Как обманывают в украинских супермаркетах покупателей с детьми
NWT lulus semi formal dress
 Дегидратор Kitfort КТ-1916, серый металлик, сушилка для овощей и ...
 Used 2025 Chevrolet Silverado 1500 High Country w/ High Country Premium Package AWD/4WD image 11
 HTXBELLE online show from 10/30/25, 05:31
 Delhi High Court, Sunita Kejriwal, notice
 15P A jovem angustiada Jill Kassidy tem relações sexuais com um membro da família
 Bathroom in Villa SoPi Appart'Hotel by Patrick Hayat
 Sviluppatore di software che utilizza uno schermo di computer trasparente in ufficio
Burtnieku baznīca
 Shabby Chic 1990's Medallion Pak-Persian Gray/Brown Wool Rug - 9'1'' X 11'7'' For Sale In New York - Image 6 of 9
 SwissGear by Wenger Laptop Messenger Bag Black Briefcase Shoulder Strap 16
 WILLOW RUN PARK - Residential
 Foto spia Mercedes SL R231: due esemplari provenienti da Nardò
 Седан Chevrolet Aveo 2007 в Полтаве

*ACTIVITY:* Reproduce each line of the entries in which the word "High" is found.

*ANSWER FOR THIS EXERCISE:*
 Used 2025 Chevrolet Silverado 1500 High Country w/ High Country Premium Package AWD/4WD image 11
 Delhi High Court, Sunita Kejriwal, notice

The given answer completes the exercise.